但,不是现在。
冒顿看着面前悬挂着的舆图,虽然他不认识字,但雁门郡的山川河流他都已然烂熟于胸,仅凭借图上绘画就可以知道自己所在的位置。
于是,他的目光凝滞在舆图一隅,那里,将会是他再次和汉国皇帝较量的地方。
白登山。
……
马邑城,寒风瑟瑟中,刘邦拥着毯子缩成一团。
他,生病了……
当日他血气上涌的跳进河里架桥,然后晚上的时候又喝了点小酒,第二天醒来的时候,整个人都不好了……
还好带来的医者判断,他只是风寒入体,喝点药出出汗就没事了。
但,药为什么这么苦?
刘邦对面,夏侯婴也是同样姿势。
不过夏侯婴并不是跳入河里受凉感冒,他这纯粹是被刘邦给传染了……
阿嚏!
刘邦打了个响亮的喷嚏,揉了揉通红的鼻头后说道:“定是那个小崽子在背后说乃公坏话了!”
想儿子就直说,乃公也很想自己儿子,我装了吗……夏侯婴一脸不屑的翻了个白眼,询问道:“咱们接下来要怎么办?”
刘邦反问:“什么怎么办?当然是把药喝光啊!”
夏侯婴摇头说道:“我不是说这个,我说的是匈奴,斥候来报,说是匈奴人好像想要跑了,咱们是不是追过去再干他一下?”
“必须的呀!”刘邦吸了吸鼻子说道:“不过不着急,等过两天下雪了再说,山里冷,他们的吃喝帐篷都丢了,肯定熬不过咱!”
夏侯婴竖起拇指:“高,实在是高!”
刘盈:敌人围困千千万,我自岿然不动!
马嘶踏银登山顶,鸟倦惊飞玉树枝。
此时中原才是深秋,但在这个北纬四十度的地方,已经降下了今年的第一场雪。
片片飘落的雪花中,刘盈缩在马背上,忍受着扑面而来,如同小刀子一样的寒风,在山间小道上缓缓行进。

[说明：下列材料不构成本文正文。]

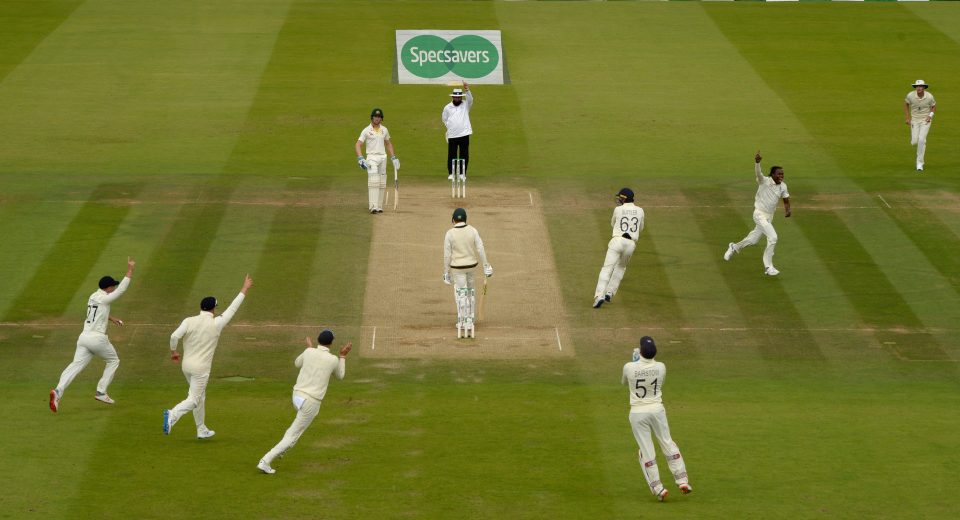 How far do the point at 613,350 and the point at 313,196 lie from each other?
1059 centimetres

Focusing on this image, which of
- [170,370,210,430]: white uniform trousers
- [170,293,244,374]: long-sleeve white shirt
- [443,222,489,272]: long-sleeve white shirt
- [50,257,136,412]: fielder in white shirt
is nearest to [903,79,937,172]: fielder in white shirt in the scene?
[443,222,489,272]: long-sleeve white shirt

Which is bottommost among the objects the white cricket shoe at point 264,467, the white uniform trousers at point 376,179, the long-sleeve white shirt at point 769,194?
the white uniform trousers at point 376,179

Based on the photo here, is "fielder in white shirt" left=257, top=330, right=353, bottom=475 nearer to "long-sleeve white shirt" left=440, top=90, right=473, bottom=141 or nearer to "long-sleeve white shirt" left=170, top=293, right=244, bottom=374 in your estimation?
"long-sleeve white shirt" left=170, top=293, right=244, bottom=374

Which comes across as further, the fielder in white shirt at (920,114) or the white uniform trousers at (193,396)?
the fielder in white shirt at (920,114)

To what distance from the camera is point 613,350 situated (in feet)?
80.3

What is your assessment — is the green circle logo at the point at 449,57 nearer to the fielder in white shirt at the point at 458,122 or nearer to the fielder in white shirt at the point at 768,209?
the fielder in white shirt at the point at 458,122

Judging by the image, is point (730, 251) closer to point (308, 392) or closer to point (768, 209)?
point (768, 209)

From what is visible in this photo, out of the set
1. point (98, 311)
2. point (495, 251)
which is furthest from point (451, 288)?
point (98, 311)

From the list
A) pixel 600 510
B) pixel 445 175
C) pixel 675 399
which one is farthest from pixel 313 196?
pixel 600 510

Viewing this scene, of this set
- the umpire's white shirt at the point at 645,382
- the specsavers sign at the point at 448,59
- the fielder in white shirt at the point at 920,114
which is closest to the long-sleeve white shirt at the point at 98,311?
the umpire's white shirt at the point at 645,382

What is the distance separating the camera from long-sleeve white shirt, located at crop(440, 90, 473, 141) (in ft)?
105

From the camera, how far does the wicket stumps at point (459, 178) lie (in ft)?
106

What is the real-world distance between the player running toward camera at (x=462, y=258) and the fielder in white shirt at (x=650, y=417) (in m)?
6.43

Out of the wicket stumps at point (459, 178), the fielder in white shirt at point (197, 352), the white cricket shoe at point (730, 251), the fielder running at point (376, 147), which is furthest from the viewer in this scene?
the wicket stumps at point (459, 178) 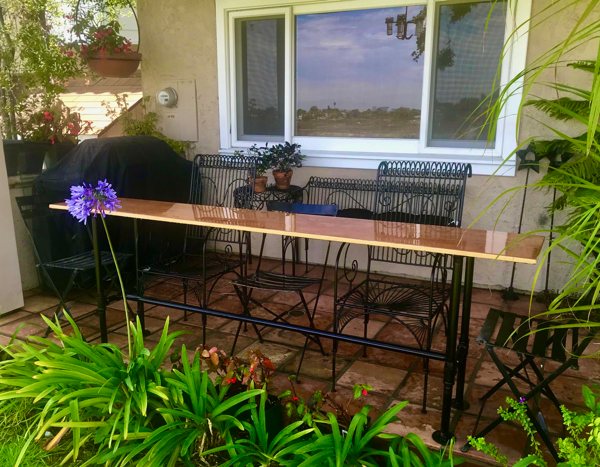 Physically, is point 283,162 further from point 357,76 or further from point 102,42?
point 102,42

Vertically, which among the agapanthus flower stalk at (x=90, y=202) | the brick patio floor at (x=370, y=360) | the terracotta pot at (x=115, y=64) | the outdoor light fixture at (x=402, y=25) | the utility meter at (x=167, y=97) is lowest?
the brick patio floor at (x=370, y=360)

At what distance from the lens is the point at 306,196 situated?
479cm

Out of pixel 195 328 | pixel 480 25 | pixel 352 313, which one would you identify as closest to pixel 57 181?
pixel 195 328

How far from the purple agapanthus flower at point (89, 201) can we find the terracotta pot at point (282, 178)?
2138 millimetres

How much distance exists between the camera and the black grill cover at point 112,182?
12.8 ft

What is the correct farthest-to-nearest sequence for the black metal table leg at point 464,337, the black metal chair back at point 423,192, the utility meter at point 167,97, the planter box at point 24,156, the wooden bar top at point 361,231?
1. the utility meter at point 167,97
2. the planter box at point 24,156
3. the black metal chair back at point 423,192
4. the black metal table leg at point 464,337
5. the wooden bar top at point 361,231

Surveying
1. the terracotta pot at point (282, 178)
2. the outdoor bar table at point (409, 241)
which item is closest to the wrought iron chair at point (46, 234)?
the outdoor bar table at point (409, 241)

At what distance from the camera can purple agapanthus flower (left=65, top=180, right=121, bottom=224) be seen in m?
2.43

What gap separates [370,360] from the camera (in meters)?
3.03

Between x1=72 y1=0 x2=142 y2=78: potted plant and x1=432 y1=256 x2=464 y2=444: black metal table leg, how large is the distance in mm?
3842

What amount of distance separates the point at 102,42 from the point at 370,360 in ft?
11.9

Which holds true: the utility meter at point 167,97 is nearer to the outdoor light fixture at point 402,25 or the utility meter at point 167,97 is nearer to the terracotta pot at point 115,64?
the terracotta pot at point 115,64

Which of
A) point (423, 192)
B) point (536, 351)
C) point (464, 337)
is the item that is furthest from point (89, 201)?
point (423, 192)

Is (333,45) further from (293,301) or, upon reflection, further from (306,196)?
(293,301) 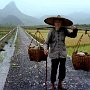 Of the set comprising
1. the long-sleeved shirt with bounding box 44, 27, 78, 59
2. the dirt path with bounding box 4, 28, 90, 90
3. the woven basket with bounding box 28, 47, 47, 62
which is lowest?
the dirt path with bounding box 4, 28, 90, 90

在他身后周围,是两万五千赶着牛车,同样将自己裹成粽子的汉军步兵。
打下了单于本部,准备去白登山碰碰运气,准备再给匈奴放放血的刘盈,选择了就地分兵,让那些辅兵和一部分战兵押解着俘虏和牲畜返回上郡。
接连袭击了匈奴人的几个部落,刘盈共抓获了近两万的匈奴人和十数万的牛羊马匹。
后者自然要拉到国内变卖后贴补国库。
至于前者,虽然此战抓获的匈奴人里老人占了很大的比例,但那些匈奴女人和小孩,却可以卖出个好价钱。
比如夏侯婴任职的太仆,除了负责给皇帝驾车,营建御所,参政议政外,还要负责官方马场,要为军队提供源源不断的战马。
所以对于那些懂得牲畜脾性的牧奴,自然是多多益善!
嗯,虽然太仆府也是政府机构,但饭还是分开吃的……
在刘盈被冻的瑟瑟发抖中,远处一骑飞来,韩信的眉头顿时皱成了一团。
他其实并不太赞成刘盈兵发白登山,在他看来,这一支几万人的偏师,在接连扫荡了匈奴后方之后,已经算是完成了自己的使命,只需要按部就班的从别处汇合刘邦的主力兵团,就是大功一件!
现在刘盈的计划,等同于是在冒险。
秦国末年天下大乱,边关守军基本上全都调到了中原平叛,以至于长城防线沦陷,云中郡成为匈奴人的牧马地。
而当时尚处于后方的雁门郡也在周边游牧和山贼的侵袭之下,十室九空,存活下来的百姓要么内迁到了太原郡、代郡,要么干脆就润到了匈奴去躲避徭役……
曾经帝国的边郡,如今已经是一片蛮荒。